In any case, I have been able to run 3-4 versions of OS X on my machines over its lifetime. Case in point was my iMac 800. It started with 9.2 and 10.0. I used 10.4 on it at retirement.
This is exactly my point - I know any Mac can upgrade its OS X, various times, but I imagine that at a certain point, the downsides (slowdowns due to aging hardware, unavailable features due to aging hardware like iPhone 3G and iOS 4.x, etc.) must outweigh the benefits (new OS, new features, added functionality, etc.). My MBP runs very fast and well on Snow Leopard, and I like Snow Leopard, but I also like what I've seen so far in Lion. My personal preference is speed overall, but the tough part is not knowing how that will be impacted before upgrading, unless, of course, people comment on it or some 3rd party test/report on it comes out.
I'm trying not to get anal about it, but I've only had the mac for 3 months, I'm really lovin snow leopard, and I don't want to reduce its overall performance on any significant level (say more than ~10%).
Upgrading from 10.5 to 10.6 made a huge difference on my older Mac Pro 8 core. My experience has been that it depends on your mix of applications. Mine just happened to get a big boost from 10.6 but YMMV.
Generally there are fixes and optimizations that weren't available when the system was shipped.
Wow, so you actually gained performance? Interesting...
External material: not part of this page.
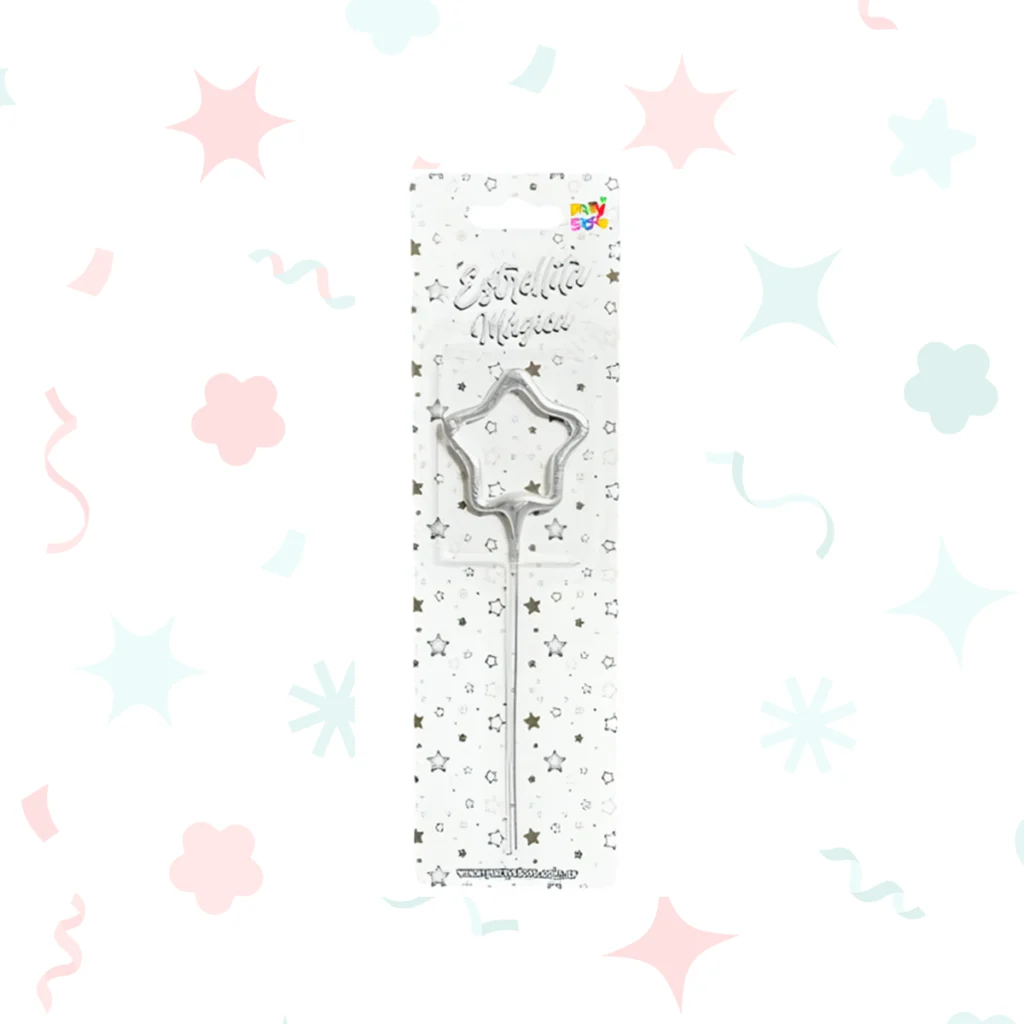 ESTRELLITA MAGICA PLATEADA FORMA ESTRELLA X UNIDAD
In all my years lost in pc land, I never once upgraded the original OS that came with whatever computer I bought. I know, hard to believe lol, but true. My last one, a Dell desktop, came with Windows Millenium, and I somehow made that thing last 9 years! Not without a truck load of issues and problems, which is why I switched to Apple, but as you can see, I'm new to upgrading the OS in general
No, you pretty much have things all turned around. Each new version of MacOS X adds new features. However, each new version of MacOS X also adds new optimizations. In the case of MacOS X 10.6, Apple removed a substantial amount of legacy code that resulted in an increase in performance for many users including jerry333. MacOS 10.6 was certainly not unique in this regard.
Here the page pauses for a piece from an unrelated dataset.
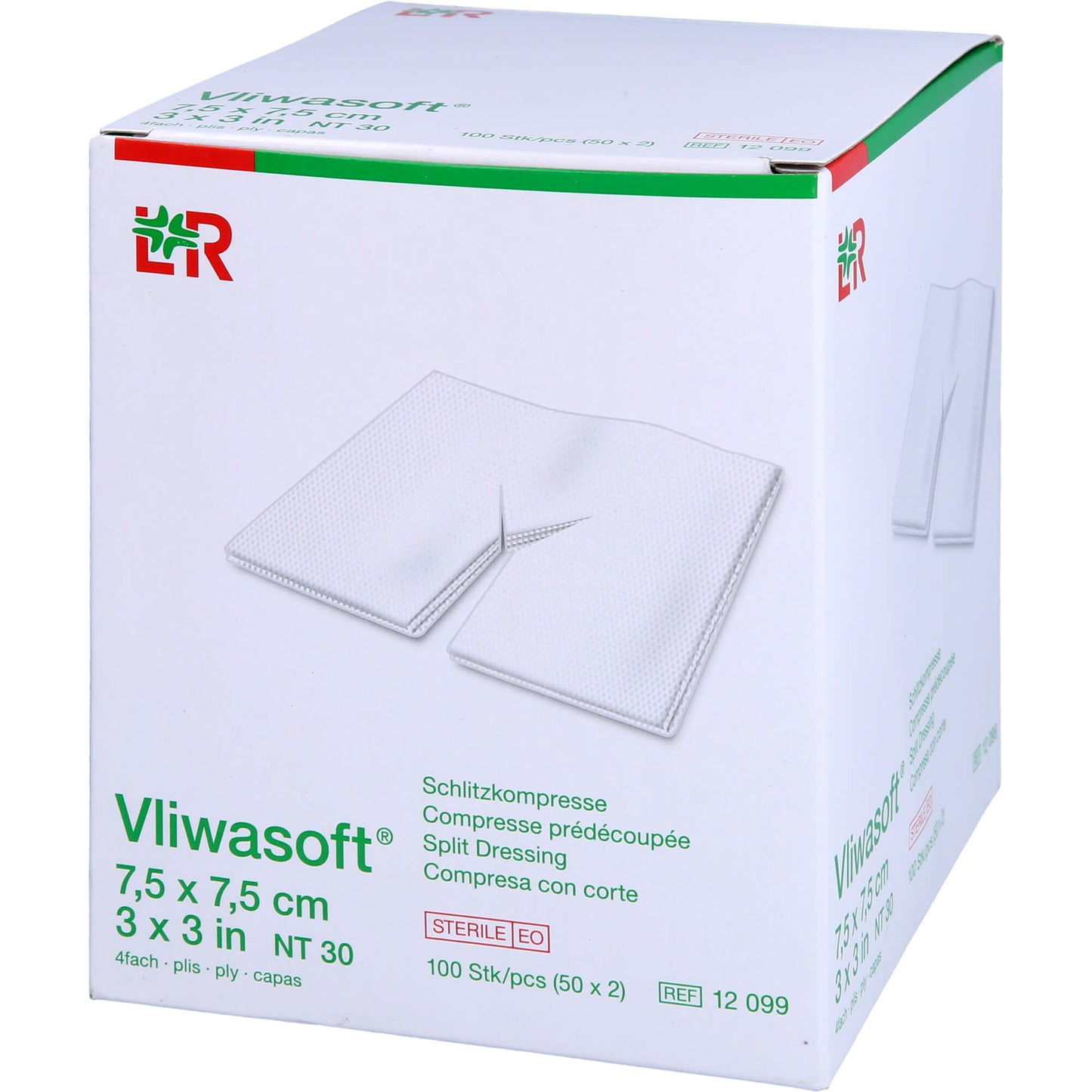 VLIWASOFT Schlitzkompressen 7,5x7,5 cm steril 4l. 50X2 St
It is important to understand that MacOS X is a preemptive multiuser multitasking operating system that is optimized for multitasking. This pays dividends on even modest hardware. My first MacOS X computer was a PowerBook G3 (Pismo) that I had upgraded to 384 MB RAM. The upgrade was for MacOS 9, not MacOS X. However, the QuickTime Player ran dramatically better under MacOS X 10.0 than under MacOS 9.1 on my Pismo despite the fact that MacOS X 10.0 was a substantially larger OS. The improvement was due to the fact that MacOS X uses preemptive multitasking/OS-controlled virtual memory rather than the cooperative multitasking/user-controlled virtual memory of MacOS 9.1.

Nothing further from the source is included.